Chicoutimi 24/09/2015
C’est attablée au petit déjeuner au bar équitable de Chicoutimi que je fais le point sur ces derniers jours. J’aime ma vie.
Hier, nous profitons de la matinée pour faire nos lessives et nous reposer. A midi un vieux monsieur vient nous chercher. Il nous emmène dans le secteur de Sainte Marguerite au cap de la boucle de 12 km dans le fjord. Nous arrivons dans le parc, un peu surprises de trouver un panneau avec l’indication des tarifs, des enveloppes et une vieille boite aux lettres où insérer nos droits d’entrée. Honnêtes, et sachant que cela sera sûrement réinvesti dans la protection et l’entretien du lieu, nous nous exécutons, tout en pensant que cela fonctionnerait moyennement par chez nous.

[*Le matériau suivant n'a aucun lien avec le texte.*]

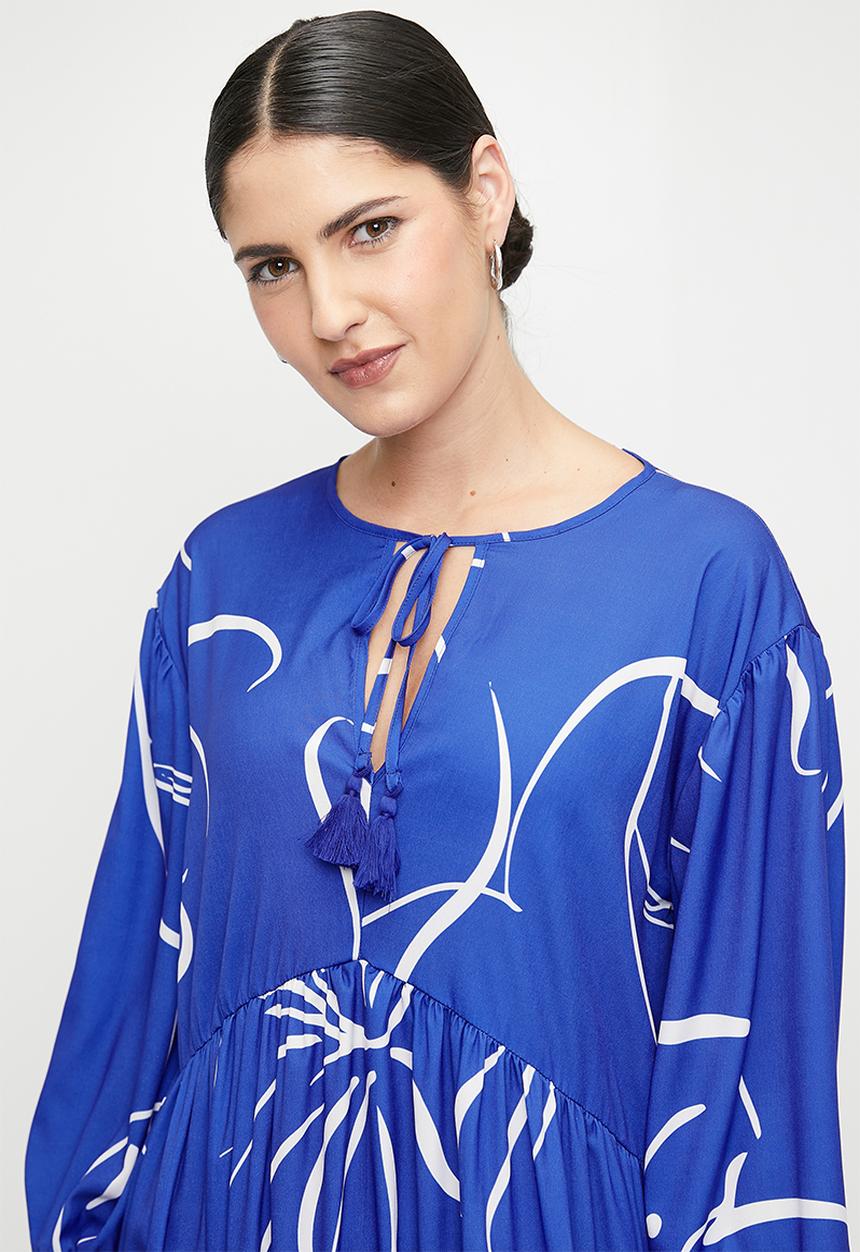 edit - Printed tiered midi dress - ink sketched floral stripe dbl border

Le sentier bien que visible, n’est pas vraiment marqué. Le décor reste sauvage. Nous croisons des écureuils et nous heurtons au silence de la forêt. La mousse vert clair et les esprits, les sylvains de Princesse Mononoké se laissent deviner, ambiance magique.
Très vite et sans beaucoup d’efforts nous arrivons à un premier point de vue du fjord. Les vallons, la flore, le soleil, le bleu profond du fleuve à son embouchure. Et le silence. Il fait beau, mais pas trop chaud. Devant nous, les entrailles du fjords. Capture mentale de l’instant. Souffle coupé face à l’immensité de la Terre.
Au fil de la balade, la montée se fait de plus en plus ressentir. Nous arrivons à un refuge de montagne et décidons de pique niquer sur la terrasse. Un bel aménagement accessible gratuitement et librement.












Cela ne fait même pas un kilomètre que nous évoluons dans ce décor. Très vite, le temps entre dans une distorsion étourdissante. Nous perdons le fleuve de vue pour nous enfoncer dans la montagne, sous les branches et la roche. En tout et pour tout, nous croisons 3 randonneurs. Puis la solitude. Nous sommes définitivement seules face à la nature. Into the wild. Ironiquement, nous vivons exactement ce dont nous rêvions devant le film. La « descente » vers le fleuve n’est pas aisée. De nombreuses montées laborieuses jonchent le chemin. Aucun panneau ne nous guide ni n’indique le kilométrage. Nous hésitons souvent sur les directions possibles. Je transpire, j’ai froid, j’ai chaud. Mon souffle haletant me fait peur. Je ne vois plus le décor. Je suis dans un couloir qui ne cesse de grimper, tirant sur tous mes muscles et brûlant ma gorge et mes poumons.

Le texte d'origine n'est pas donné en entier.